La réponse de Mme Nathalie Seyman
L’autisme est un trouble envahissant du développement, qui apparaît dans la jeune enfance, en général avant l’âge de 3 ans. Ce trouble touche la capacité de l’enfant ou de l’adulte à communiquer et à interagir avec les autres. Cela impacte donc directement la relation parents-enfant et les parents ont la sensation de ne pas parvenir à atteindre leur enfant, comme s’il y avait un mur qui se dressait entre eux et lui.
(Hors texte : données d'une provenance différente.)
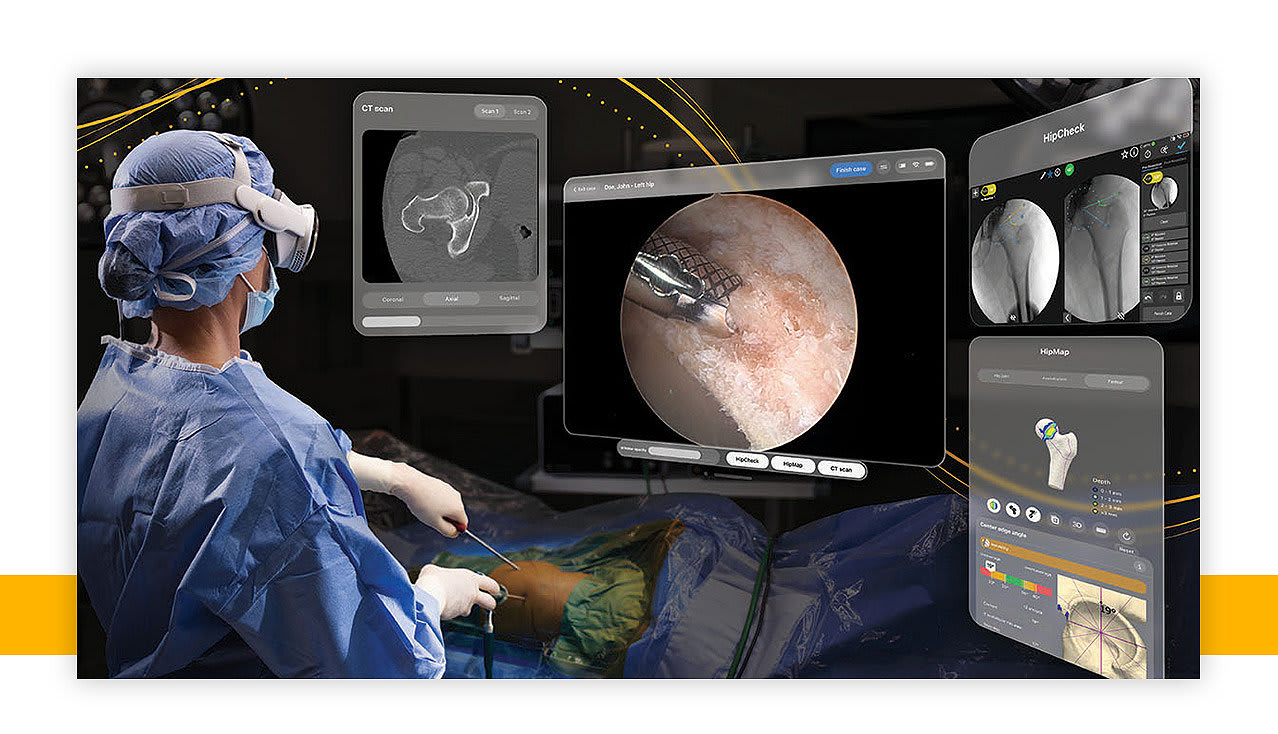 A gowned surgeon wearing a mixed reality headset operates on a draped patient while virtual panels showing a CT scan, live arthroscopic video, HipCheck X-ray measurements and a colour-mapped 3D femur model float around the operating table.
Il est donc évident de comprendre leur désarroi face à une telle difficulté. Comment s’en sortir au quotidien ? Comment comprendre notre enfant tout en s'efforçant de garder une vie de famille ?
Ce qui se passe chez lui
Tout d’abord, ce qu’il est important de savoir est qu’il y a autant de formes d’autismes que de personnes souffrant d’autisme. Il y a différents degrés dans l’autisme selon les symptômes et sa sévérité. Alors évidemment, il y a des similitudes. Mais il n’en reste pas moins qu’il y a beaucoup de différences avec des évolutions différentes, des symptômes différents, etc. C’est pourquoi, il est très important de se centrer en priorité sur les ressentis de son enfant. Pour cela, il faut l’observer avec patience et amour. Comprendre comment il perçoit le monde est essentiel. Cela permet d’appréhender d’une autre manière ses peurs, ses colères ou ses comportements d’évitement. Il faut apprendre à comprendre ce qu’il se passe dans la tête de son enfant. C’est essentiel si on veut l’aider au mieux dans son développement.
Pourquoi sont-ils si hermétiques au monde extérieur ? Pourquoi vivent-ils dans un monde à part ?
Tout ce qui peut provoquer chez eux des émotions (en particulier tout ce qui est sensoriel) est très perturbant et ressenti comme une agression. On a remarqué chez les autistes la plupart de ces caractéristiques :
- Pour eux, la voix humaine n’est pas différente d’un autre son, elle ne retient pas plus leur attention qu’un autre son quelconque.
- Leur pensée est concrète, c’est ou blanc ou noir, mais jamais au milieu, ils ne comprennent pas les métaphores ni les faux semblants. C’est pourquoi, il est impossible pour un enfant autiste de jouer à faire semblant. On ne peut pas prendre une feuille de papier pour un avion, puisqu’il s’agit d’une feuille de papier.
- Ils sont très intelligents et, grâce à cela, peuvent très bien s’intégrer à la vie quotidienne. Mais cela implique qu’ils apprennent par cœur les règles de la vie en société, les mœurs, le savoir-vivre. C’est très difficile et très éprouvant, car ils doivent être sans cesse dans l’analyse des situations, cela leur demande une énergie énorme. C’est pour cette raison que le moins que nous puissions faire est de les comprendre et de rester patients face à leurs difficultés quotidiennes, mais de leur faciliter la voie à suivre.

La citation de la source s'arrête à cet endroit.